Health Care Industry and 2009-2010 Changes to False Claims Act

The health care industry is adjusting to major changes to the nation's major "whistleblower" law, the False Claims Act.

Both in 2009 and 2010, Congress has removed obstacles to whistleblowers' use of this anti-fraud statute to address Medicare and Medicaid fraud, as well as fraud affecting every other federal program. As we have written about previously, the Fraud Enforcement and Recovery Act of 2009 (“FERA”) overruled key judicial decisions that had undermined the the False Claims Act's effectiveness.

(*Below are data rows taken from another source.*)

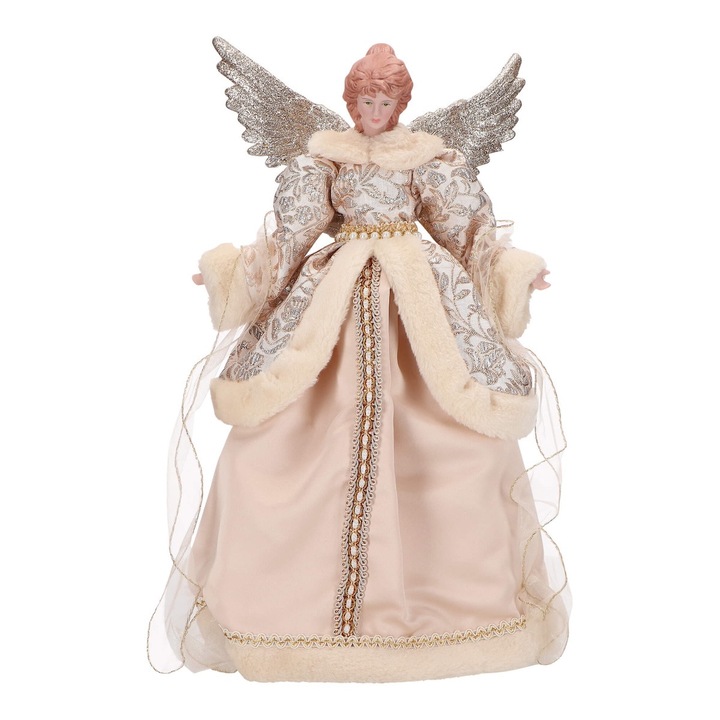 Varf de brad inger din portelan, ivory-roz-auriu, inaltime 42 cm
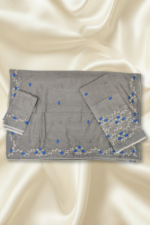 Grey Chanderi Cotton Mekhela Chador - Image 3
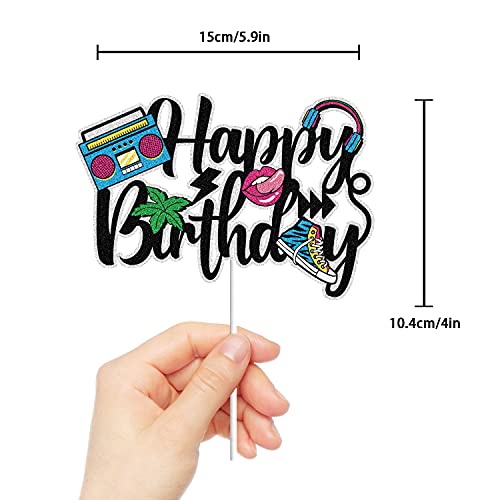 80’S 90’S Happy Birthday Cake Toppers Retro Hip Hop Theme Totally 1980S 1990S Party Decorations Born In The 80'S 90’S Decade Throwback Party Supplies #TOP1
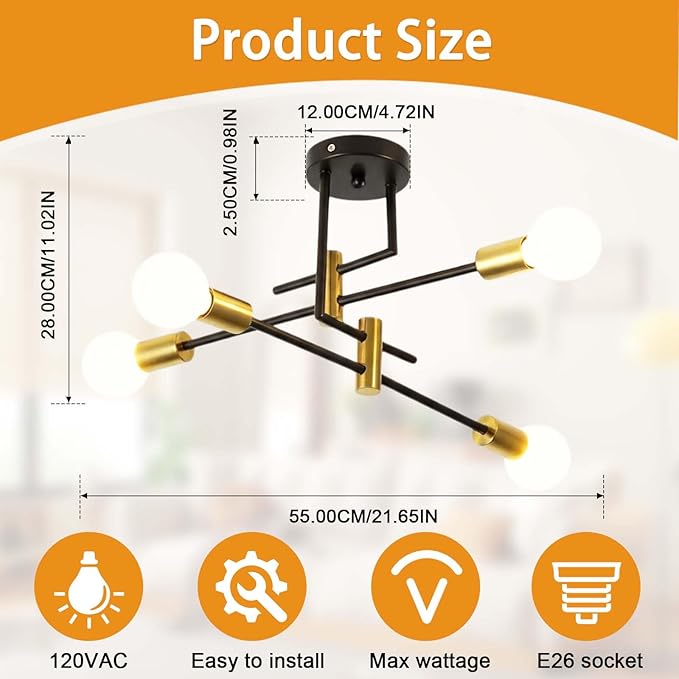 Modern Sputnik Chandelier 4-Light Adjustable Ceiling Light Fixture Semi Flush Mount Ceiling Lamp with E26 Base Industrial Ceiling Light for Dining Room Bedroom Living Room Black and Gold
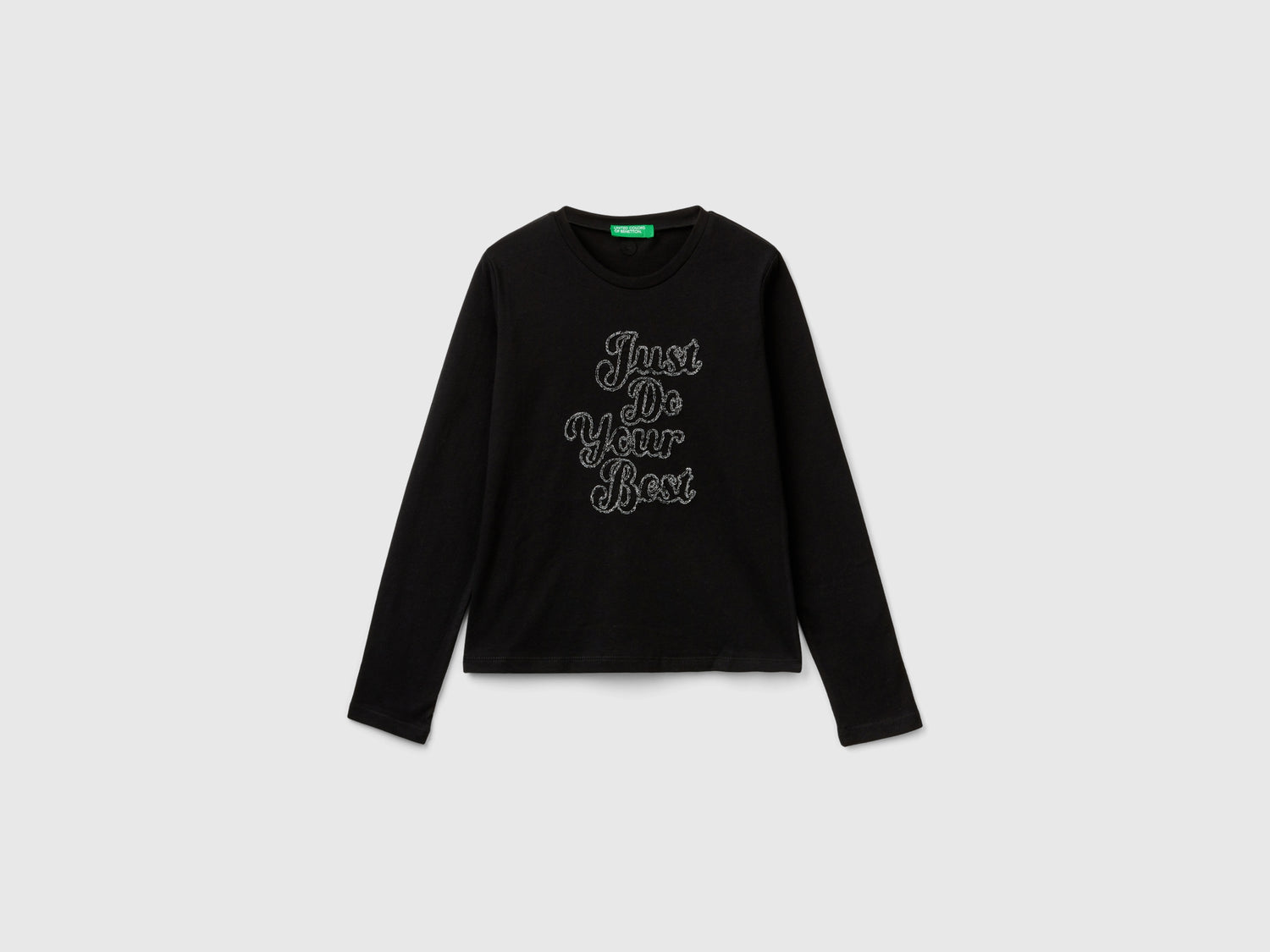 Maglietta con ricamo in lurex da bambina nero | Benetton Outlet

This year, the landmark health care bill, the Patient Protection and Affordable Care Act (“PPACA”), limited the FCA's "public disclosure" bar, including by allowing the government to prevent dismissal of cases that it believes should proceed.

At the Health Care Compliance Association's "Fraud and Compliance Forum" on Sept. 26-28, 2010 in Baltimore, Rick Shackelford of King & Spalding, LLP and I will discuss the effects on health care organizations of these 2009 and 2010 changes to the False Claims Act.

Rick is an outstanding defense attorney in these cases, and I look forward to discussing these important changes in the False Claims Act from his perspective as defense counsel for hospitals, pharmacy providers, pharmaceutical and medical device companies, health plans, pharmacy benefits managers, managed care organizations, physician organizations, and other health care organizations; and from my perspective as a former defense counsel who for years has represented "whistleblowers" or relators in health care fraud and other cases under the qui tam (or whistleblower) provisions of the False Claims Act.